October 10th, 2013 | by NIGEL JAQUISS News | Posted In: Politics, Legislature

Mark Frohnmayer Proposes Open Primary Initative

Oregon State Capitol.Oregon's Capitol Building

Mark Frohnmayer's eclectic background includes 11 years in the video games industry and the leading Eugene-based electric vehicle company, Arcimoto.

Now, Frohnmayer's trying his hand at politics. He's got a strong political pedigree. His father, Dave Frohnmayer, is a three-term Oregon attorney general and 1990 gubernatorial candidate and his uncle, John Frohnmayer, was chairman of the National Endowment for the Arts from 1989 to 1992.

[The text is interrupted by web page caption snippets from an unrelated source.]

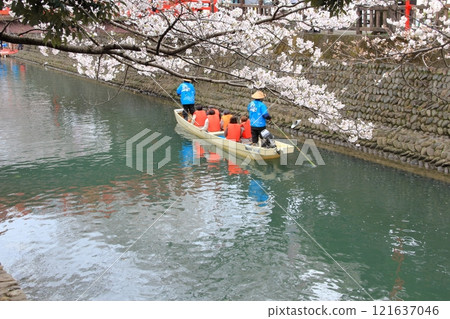 櫻花盛開的水門川漫步（岐阜縣大垣市）107 121637046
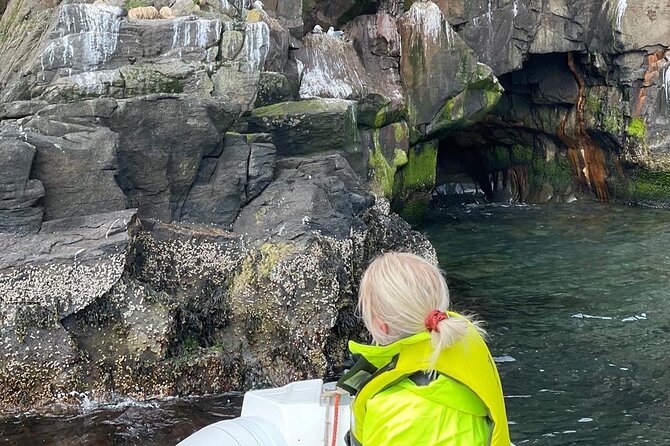 Wildlife, Scenery and Cave Exploring Tour! - Tour Overview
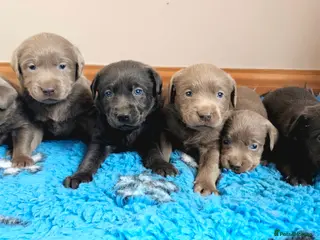 Labrador Retriever dogs for sale: 6 STUNNING SILVER/CHARCOAL KC HEALTH TEST PARENTS - Advert 1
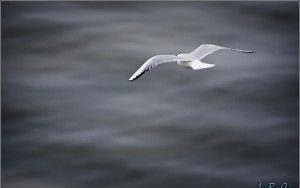 Gull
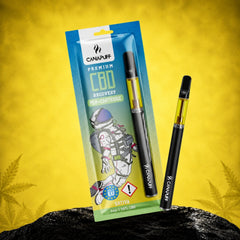 CBD Pen+Cartridges Recovery 95 %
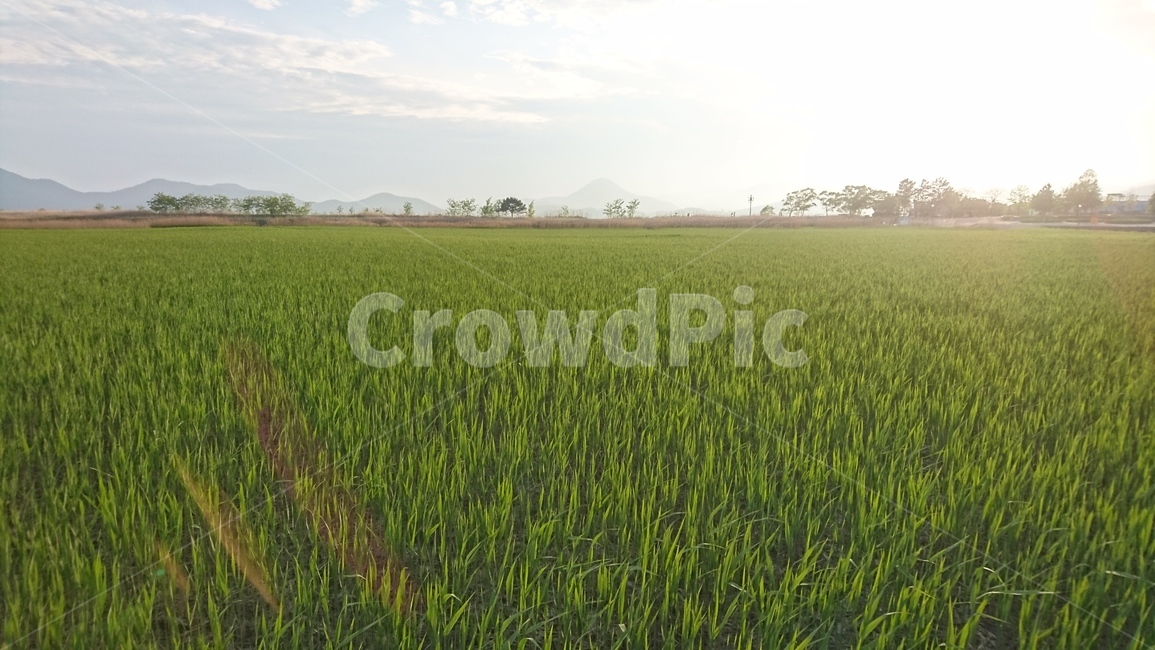목초지,nature,노을,해넘이,outdoors,옥외,grassland,field,들,자연,vegetation,초목,plant,식물,경치,절경,바탕화면,배경화면,풍경,백그라운드,season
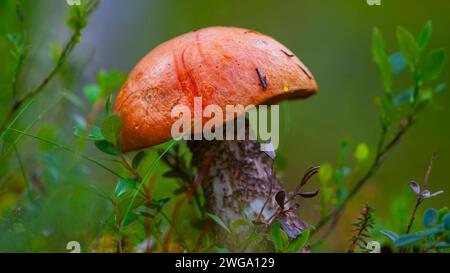 Foto einer orangen Birkenbolete (Leccinum versipelle), einer aspenroten Kappe, einer roten Kappe, einer roten Kappe, einer roten Bolete, im Querformat erstens, Natur, Naturfotografie Stockfoto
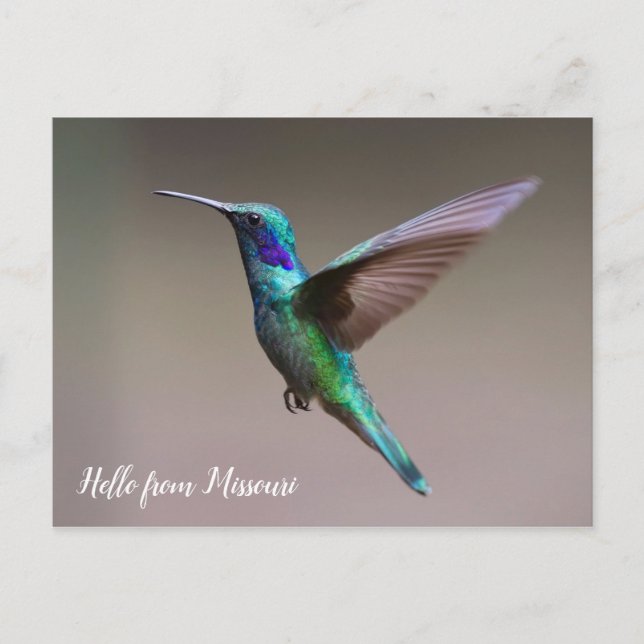 Cartão Postal Colorful Hummingbird Custom State (Frente)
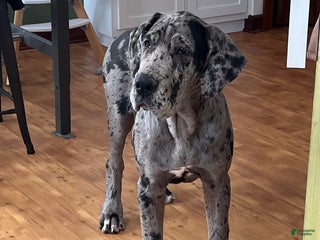 Great Dane dogs Great Dane Puppy 1 Mouse - Ad 41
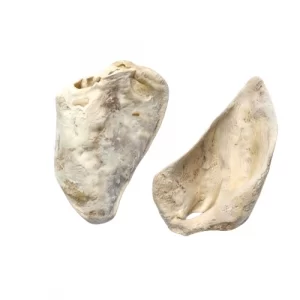 Freeze-dried Pig Ear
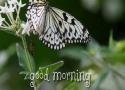 Good Morning Status With Butterfly And Flowers Images  whatsapp video Status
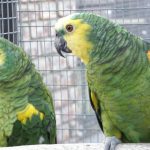 Some of our Birds 2011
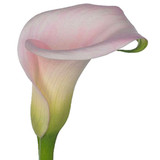 Calla Lilies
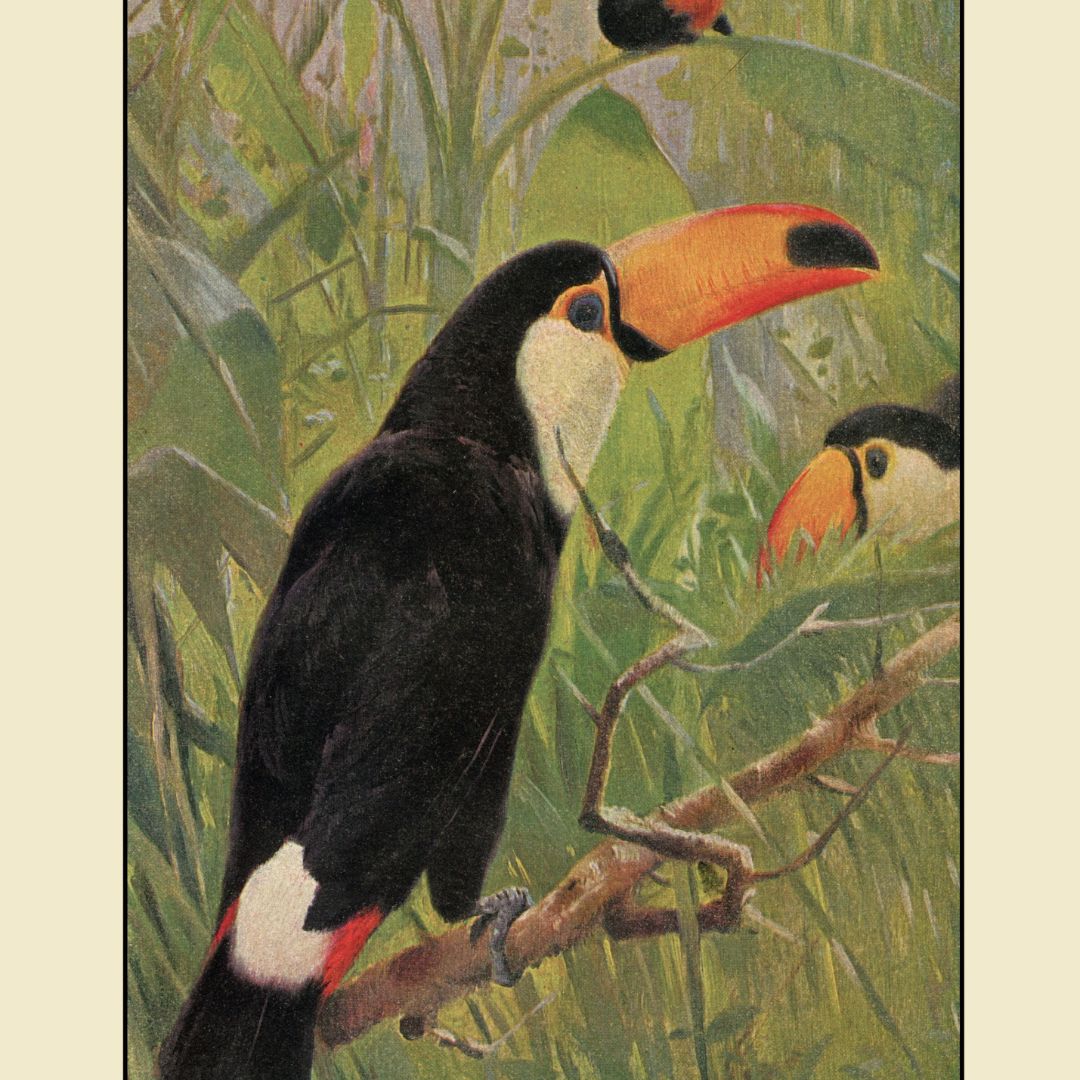 toucan print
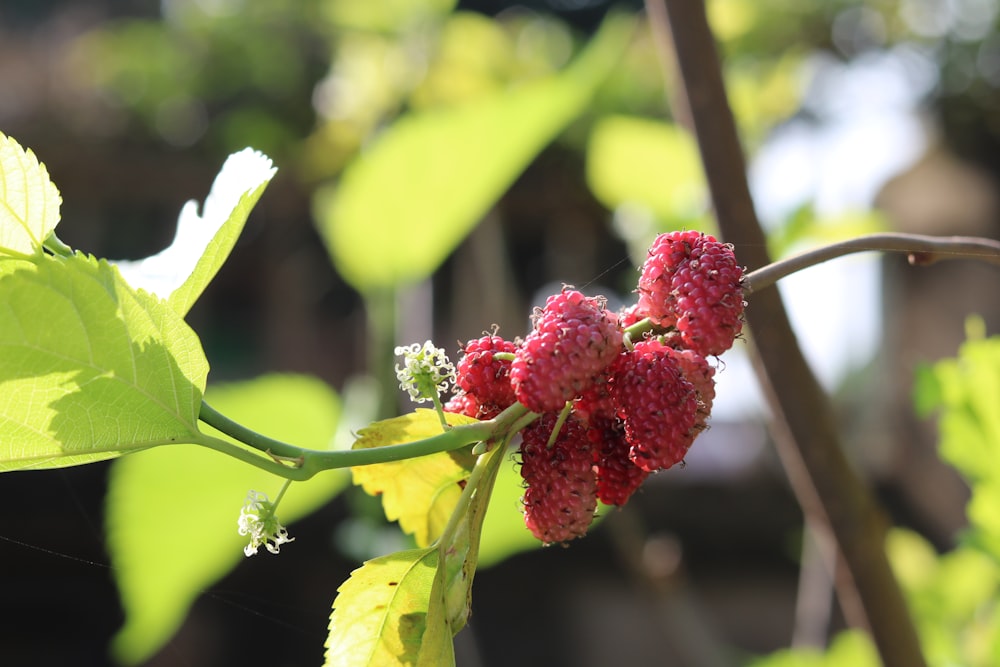 a close up of some red berries on a tree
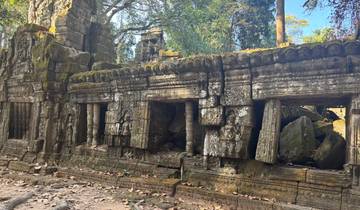 Ancient temple ruins with intricate carvings in a forested area.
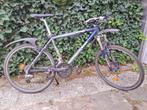Sintesi Hale-Bopp adulte 26 pouces, Fietsen en Brommers, Gebruikt, Hardtail, Heren, 53 tot 57 cm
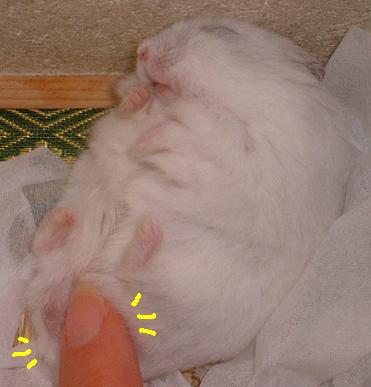 c0004601_9103171.jpg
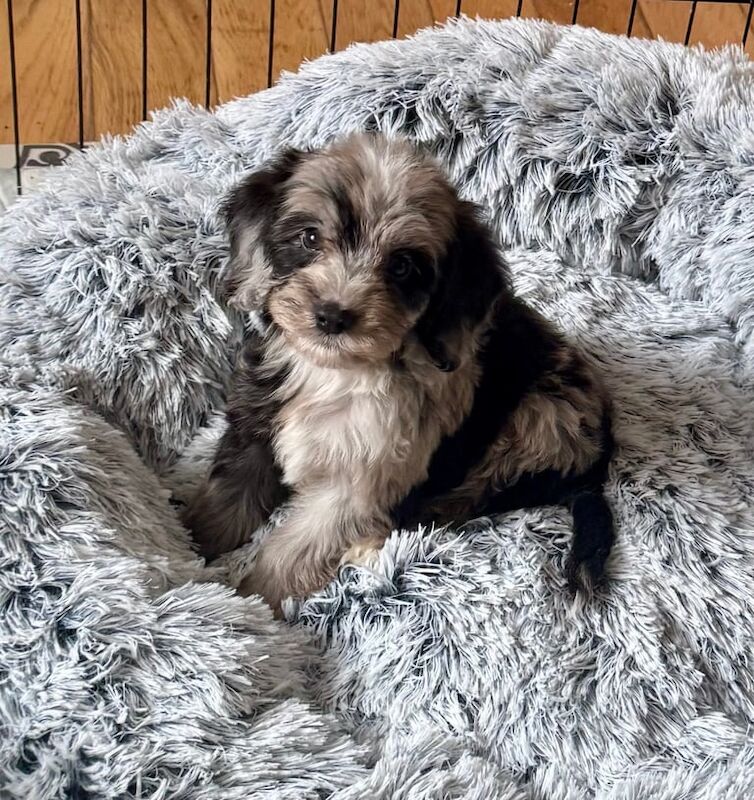 Cockapoo puppies for sale in Durham, Durham – KC registered, 7 weeks old - Image 2 of 3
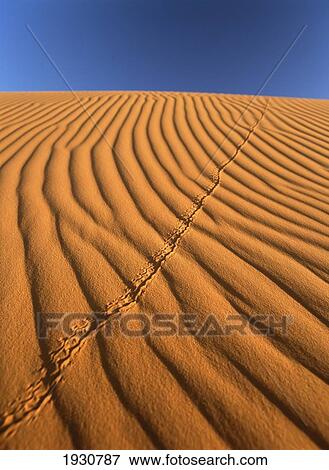 Merzouga, Morocco. View Large Photo Image Stock Photo - Merzouga, Morocco.. Fotosearch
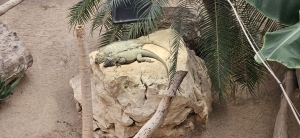 Tropiquarium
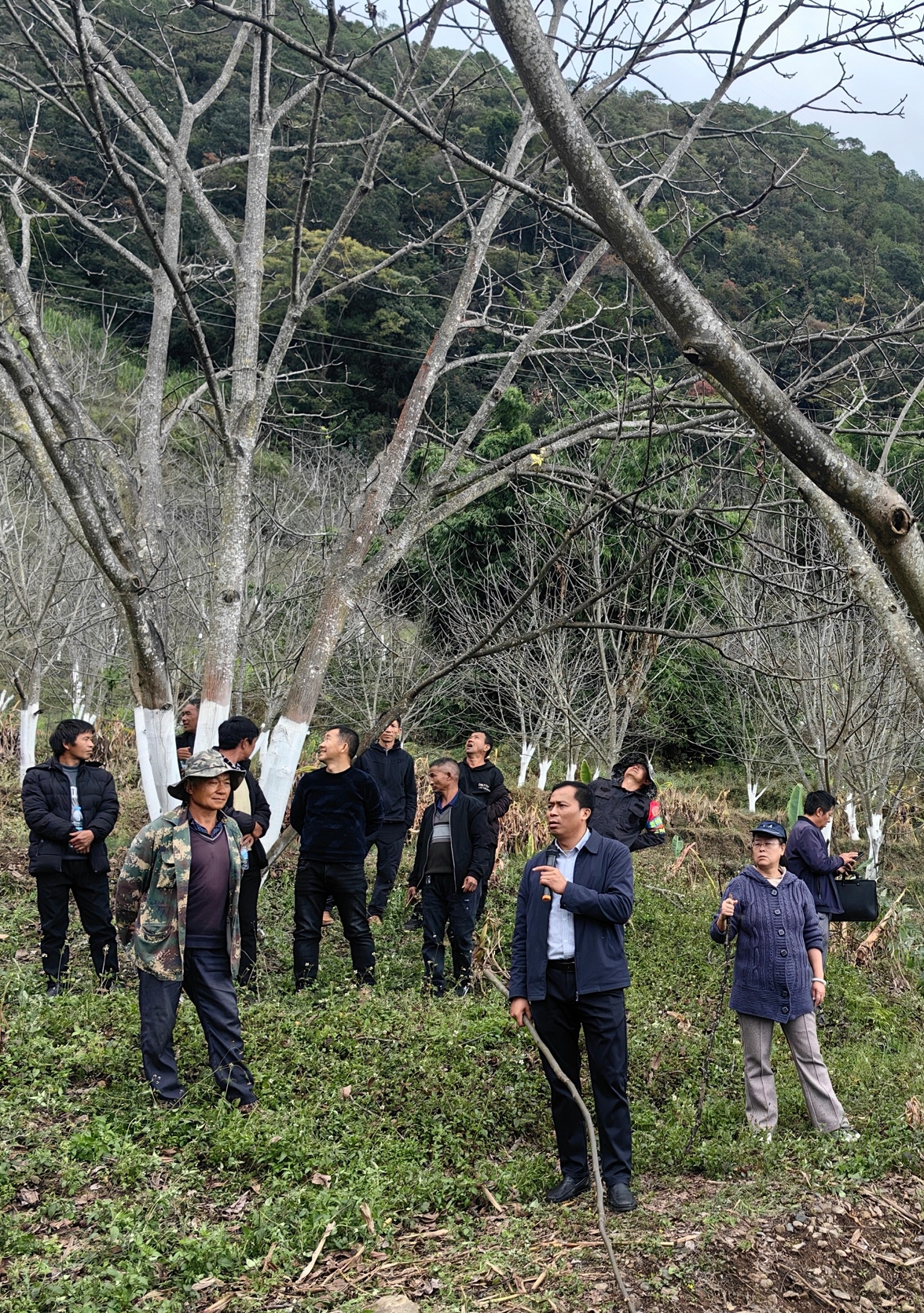 楚雄市新村镇开展核桃提质增效复合技术示范与培训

The Frohnmayer brothers came out of Oregon's long and now eclipsed moderate Republican tradition: Dave lost the 1990 gubernatorial race in part because a hard-right candidate, Al Mobley, grabbed 13 percent of the vote, helping Democrat Barbara Roberts win. John Frohnmayer resigned from the NEA in 1992 under pressure from the religious right.

Now, Mark Frohnmayer, 39, who is not a registered member of any political party, is pushing an idea that appeal to some moderates in both major parties—more open political primaries. The conventional wisdom is that candidates must appeal to the most extreme elements in their parties, thus furthering polarization and partisanship.

Frohnmayer's taking a whack at changing the dynamics.

Here's the key language from the initiative language he filed with Secretary of State Kate Brown on Oct. 7:


"The intent of the Approval Voting Primary Act of 2014 is to create a fully open primary system in which individual Oregon electors may vote for as many of the nominated candidates as they choose without regard for party affiliation, or lack of party affiliation, of either the elector or candidate(s). The two candidates receiving the most votes will appear on the general election ballot. The Act is applicable to all voter choice offices."

The type of primary Frohnmayer proposes is called a "top-two" primary, and is different from open primaries, in which any voter can vote in one but only one primary. More on different approaches here.

Former Secretary of State Phil Keisling twice led efforts to open Oregon's primaries. The most recent effort came in 2008, when ardent defenders of the status quo crushed Ballot Measure 65 by a 66 percent to 34 percent margin.

Frohnmayer's initiative is statutory and would require him to gather 87,213 valid signatures.